EXERCISE DETAILS: Your job is to set down the stretch of entries that opens with the line containing "K&F Lens Adapter" and closes with the line containing "Prodej bytu 3+1, Horní Bříza, Tovární, 69 m2". Keep both end lines, copy each exactly, and add nothing.

Records from a data source:
-------------------------

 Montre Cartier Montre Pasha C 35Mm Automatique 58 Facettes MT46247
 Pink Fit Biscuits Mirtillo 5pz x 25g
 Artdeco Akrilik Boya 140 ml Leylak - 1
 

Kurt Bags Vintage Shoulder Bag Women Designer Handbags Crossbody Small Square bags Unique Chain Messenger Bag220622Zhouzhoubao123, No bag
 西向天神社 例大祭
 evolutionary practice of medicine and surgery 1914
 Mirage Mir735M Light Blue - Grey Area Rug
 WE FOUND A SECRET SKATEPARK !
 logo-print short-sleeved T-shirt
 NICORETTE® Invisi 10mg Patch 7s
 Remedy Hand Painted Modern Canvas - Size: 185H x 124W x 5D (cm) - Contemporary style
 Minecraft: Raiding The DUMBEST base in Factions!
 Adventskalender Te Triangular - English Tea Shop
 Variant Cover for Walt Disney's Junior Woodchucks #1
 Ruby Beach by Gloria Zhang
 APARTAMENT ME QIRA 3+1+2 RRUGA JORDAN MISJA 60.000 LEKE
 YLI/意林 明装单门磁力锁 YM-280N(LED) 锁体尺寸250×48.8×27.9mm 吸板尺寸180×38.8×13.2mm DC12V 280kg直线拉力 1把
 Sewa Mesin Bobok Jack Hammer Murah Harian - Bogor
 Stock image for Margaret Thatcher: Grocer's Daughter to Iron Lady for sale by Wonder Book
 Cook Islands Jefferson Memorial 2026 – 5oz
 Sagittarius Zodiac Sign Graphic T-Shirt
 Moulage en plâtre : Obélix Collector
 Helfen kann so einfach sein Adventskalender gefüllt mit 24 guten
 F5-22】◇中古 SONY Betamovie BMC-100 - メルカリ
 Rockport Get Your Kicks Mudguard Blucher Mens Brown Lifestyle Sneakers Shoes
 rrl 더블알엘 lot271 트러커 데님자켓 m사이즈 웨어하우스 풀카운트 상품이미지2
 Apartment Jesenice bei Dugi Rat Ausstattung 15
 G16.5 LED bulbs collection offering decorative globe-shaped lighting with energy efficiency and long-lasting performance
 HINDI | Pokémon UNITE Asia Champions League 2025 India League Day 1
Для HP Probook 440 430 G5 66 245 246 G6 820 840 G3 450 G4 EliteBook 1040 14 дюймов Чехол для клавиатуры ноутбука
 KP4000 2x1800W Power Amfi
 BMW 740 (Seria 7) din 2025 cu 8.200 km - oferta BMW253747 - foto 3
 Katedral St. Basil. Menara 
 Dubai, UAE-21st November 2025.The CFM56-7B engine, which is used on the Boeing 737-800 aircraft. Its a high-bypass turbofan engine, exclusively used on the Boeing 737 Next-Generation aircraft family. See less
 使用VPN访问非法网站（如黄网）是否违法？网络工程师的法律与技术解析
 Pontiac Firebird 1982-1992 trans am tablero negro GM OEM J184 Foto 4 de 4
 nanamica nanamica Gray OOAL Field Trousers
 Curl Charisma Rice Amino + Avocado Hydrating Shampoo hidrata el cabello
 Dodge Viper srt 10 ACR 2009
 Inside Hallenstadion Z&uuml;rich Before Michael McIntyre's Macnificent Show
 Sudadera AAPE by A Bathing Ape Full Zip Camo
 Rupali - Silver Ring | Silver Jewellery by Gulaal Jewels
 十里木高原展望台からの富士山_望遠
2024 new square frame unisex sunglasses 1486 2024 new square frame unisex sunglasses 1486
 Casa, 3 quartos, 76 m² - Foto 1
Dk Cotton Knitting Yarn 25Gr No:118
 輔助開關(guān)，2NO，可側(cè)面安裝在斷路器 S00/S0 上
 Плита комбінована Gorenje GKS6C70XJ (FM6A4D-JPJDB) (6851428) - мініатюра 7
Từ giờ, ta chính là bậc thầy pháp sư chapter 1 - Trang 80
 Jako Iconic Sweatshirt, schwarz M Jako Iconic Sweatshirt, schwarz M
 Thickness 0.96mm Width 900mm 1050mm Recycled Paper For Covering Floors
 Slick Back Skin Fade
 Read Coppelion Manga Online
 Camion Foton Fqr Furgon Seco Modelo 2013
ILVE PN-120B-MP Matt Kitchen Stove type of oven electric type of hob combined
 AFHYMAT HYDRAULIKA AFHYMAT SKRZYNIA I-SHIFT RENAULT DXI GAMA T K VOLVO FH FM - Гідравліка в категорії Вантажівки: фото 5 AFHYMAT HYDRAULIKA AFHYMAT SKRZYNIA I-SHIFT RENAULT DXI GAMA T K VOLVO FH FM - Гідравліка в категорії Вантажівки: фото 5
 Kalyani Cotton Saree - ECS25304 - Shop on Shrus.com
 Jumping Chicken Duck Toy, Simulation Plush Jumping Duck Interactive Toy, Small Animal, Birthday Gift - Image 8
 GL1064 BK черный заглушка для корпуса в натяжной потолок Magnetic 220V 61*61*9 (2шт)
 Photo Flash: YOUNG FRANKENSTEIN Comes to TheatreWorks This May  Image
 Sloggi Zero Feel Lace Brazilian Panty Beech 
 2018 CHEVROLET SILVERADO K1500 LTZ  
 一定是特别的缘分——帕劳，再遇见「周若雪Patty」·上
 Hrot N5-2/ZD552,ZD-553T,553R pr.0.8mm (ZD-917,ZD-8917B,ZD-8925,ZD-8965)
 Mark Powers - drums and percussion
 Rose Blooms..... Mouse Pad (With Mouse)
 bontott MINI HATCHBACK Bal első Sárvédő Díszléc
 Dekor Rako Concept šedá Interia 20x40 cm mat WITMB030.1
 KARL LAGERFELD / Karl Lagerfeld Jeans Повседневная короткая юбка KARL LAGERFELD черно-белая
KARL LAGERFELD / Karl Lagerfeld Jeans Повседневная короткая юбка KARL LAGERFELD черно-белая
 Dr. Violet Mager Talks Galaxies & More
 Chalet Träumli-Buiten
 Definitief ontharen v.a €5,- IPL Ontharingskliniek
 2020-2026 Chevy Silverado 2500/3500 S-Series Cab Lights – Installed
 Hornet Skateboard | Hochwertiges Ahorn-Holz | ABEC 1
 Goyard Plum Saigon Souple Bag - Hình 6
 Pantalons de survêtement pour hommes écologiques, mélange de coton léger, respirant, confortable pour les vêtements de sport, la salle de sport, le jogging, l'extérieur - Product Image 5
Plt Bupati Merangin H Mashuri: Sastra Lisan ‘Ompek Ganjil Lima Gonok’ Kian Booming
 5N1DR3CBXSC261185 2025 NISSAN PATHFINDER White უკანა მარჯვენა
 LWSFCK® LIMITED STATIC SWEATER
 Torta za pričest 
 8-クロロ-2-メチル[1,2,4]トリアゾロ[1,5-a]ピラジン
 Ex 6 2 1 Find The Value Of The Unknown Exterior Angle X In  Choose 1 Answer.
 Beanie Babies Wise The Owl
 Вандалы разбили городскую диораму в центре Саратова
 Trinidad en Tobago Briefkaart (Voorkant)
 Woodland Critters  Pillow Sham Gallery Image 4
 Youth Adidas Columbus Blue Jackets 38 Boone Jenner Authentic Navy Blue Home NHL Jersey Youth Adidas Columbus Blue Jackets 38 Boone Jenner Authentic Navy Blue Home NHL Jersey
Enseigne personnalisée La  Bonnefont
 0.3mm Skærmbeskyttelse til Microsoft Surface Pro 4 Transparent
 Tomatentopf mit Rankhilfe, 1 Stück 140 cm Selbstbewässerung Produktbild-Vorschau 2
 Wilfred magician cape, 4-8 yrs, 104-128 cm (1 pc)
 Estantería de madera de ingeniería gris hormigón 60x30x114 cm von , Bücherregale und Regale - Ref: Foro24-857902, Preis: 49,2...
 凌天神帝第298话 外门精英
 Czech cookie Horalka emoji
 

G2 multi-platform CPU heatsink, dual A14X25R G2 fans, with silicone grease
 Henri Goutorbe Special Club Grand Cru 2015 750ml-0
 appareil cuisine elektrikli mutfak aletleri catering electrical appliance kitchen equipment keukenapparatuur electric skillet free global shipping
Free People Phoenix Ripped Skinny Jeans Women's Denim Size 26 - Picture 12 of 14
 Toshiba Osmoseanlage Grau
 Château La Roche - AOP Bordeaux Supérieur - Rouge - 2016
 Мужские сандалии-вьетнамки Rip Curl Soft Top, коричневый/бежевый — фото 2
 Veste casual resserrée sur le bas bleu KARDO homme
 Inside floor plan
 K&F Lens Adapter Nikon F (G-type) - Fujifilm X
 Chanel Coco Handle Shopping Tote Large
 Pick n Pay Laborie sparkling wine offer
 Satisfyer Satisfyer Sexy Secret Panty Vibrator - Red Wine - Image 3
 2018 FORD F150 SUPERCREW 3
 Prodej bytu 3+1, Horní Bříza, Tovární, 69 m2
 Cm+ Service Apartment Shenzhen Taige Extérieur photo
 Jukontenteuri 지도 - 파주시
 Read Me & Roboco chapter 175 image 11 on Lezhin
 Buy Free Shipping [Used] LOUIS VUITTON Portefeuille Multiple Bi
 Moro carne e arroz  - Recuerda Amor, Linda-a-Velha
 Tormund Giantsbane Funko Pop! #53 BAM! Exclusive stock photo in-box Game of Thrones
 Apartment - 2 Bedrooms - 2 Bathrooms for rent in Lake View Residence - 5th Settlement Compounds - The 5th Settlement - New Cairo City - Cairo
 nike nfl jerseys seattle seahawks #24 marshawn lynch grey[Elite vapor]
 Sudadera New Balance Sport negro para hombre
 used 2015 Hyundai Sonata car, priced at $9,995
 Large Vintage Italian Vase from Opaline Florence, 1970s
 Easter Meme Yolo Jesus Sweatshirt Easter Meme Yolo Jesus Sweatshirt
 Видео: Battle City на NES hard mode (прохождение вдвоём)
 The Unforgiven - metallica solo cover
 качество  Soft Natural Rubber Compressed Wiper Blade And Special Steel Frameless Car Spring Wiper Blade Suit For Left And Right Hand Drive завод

-------------------------

TASK RESULT:
 K&F Lens Adapter Nikon F (G-type) - Fujifilm X
 Chanel Coco Handle Shopping Tote Large
 Pick n Pay Laborie sparkling wine offer
 Satisfyer Satisfyer Sexy Secret Panty Vibrator - Red Wine - Image 3
 2018 FORD F150 SUPERCREW 3
 Prodej bytu 3+1, Horní Bříza, Tovární, 69 m2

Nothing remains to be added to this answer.